Otherwise I hope you enjoy my rambles and unnecessary photos (it’s my specialty after all)~

To be honest I didn’t start out with a big plan in mind. For the petticoat I decided to go with my usual method – the one that involves making tons of ruffles and then hoping for the best. In total this petticoat has more (yes, more) ruffles then my RMT bustle has! I was slightly shocked by this, especially since this was so easy/fast to make compared to the bustle.

(In total there are over 25yds of ruffles on the underskirt, which required over 150yds of hemming.)

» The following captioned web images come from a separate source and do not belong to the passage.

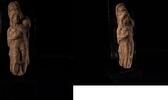   Terrakottafigur einer stehenden weiblichen Gestalt  330,00 EUR  zzgl. 6,00 EUR Versand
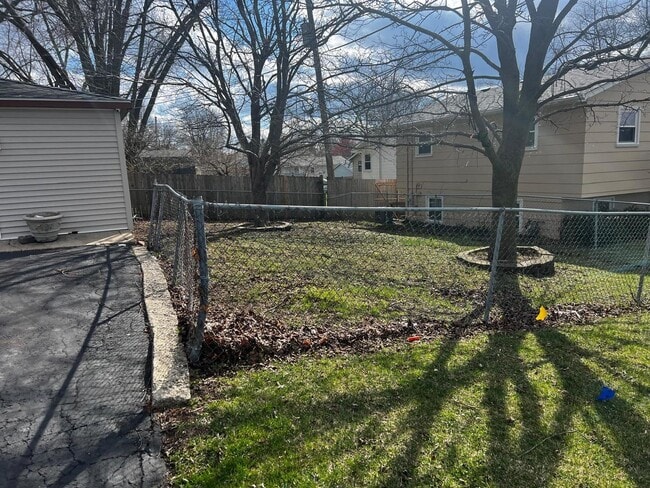 Building Photo - 717 E Clarendon Dr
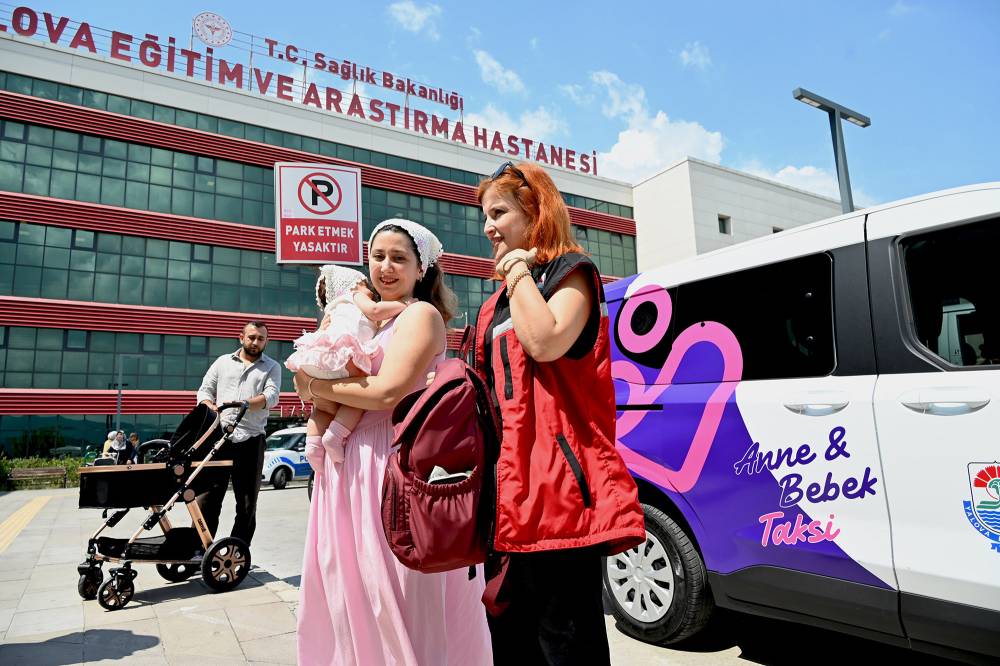 Yalova Belediyesi&rsquo;nden anne ve bebeklere ulaşım desteği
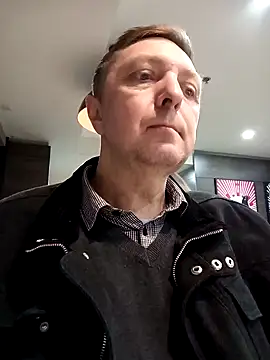 Pokaz2020 online show from March 9, 2025, 5:28 pm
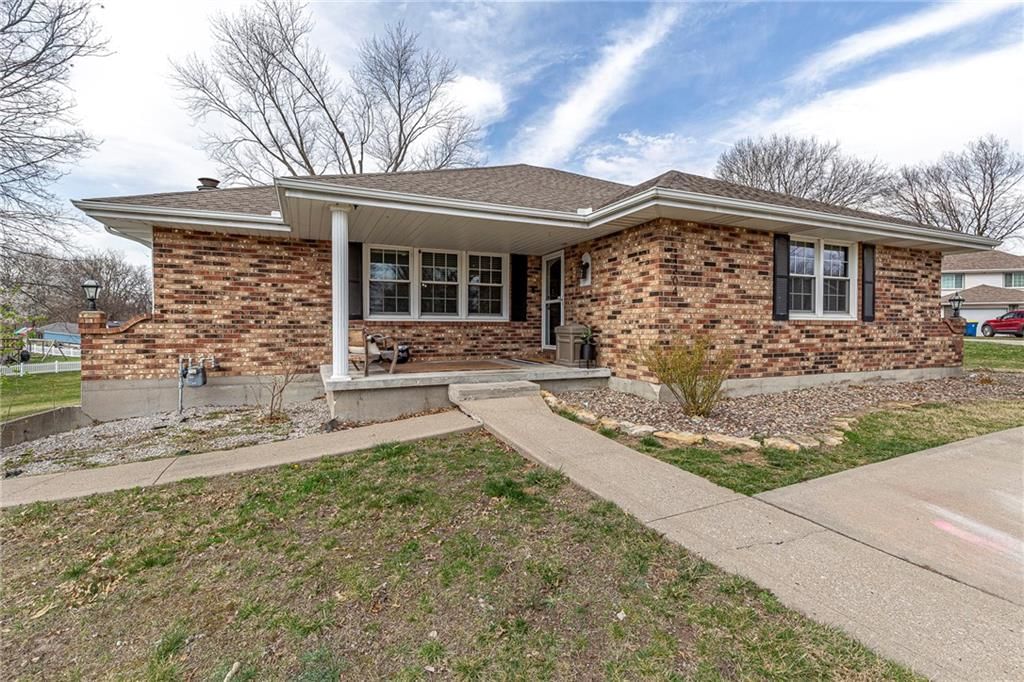 1304 Robin Circle — photo 38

I made the ruffles with my usual string method, which you can find more info on here! I really do not want to explain it again, since it’s very boring stuff. But, in case you had forgotten, it involves a lot of hemming. I began the hemming process on my Singer Heavy Duty 4423, my main machine that I got seven months ago (give or take a bit). Sadly half way through the project it began making a very load squeaking noise, overheating, and having tension troubles.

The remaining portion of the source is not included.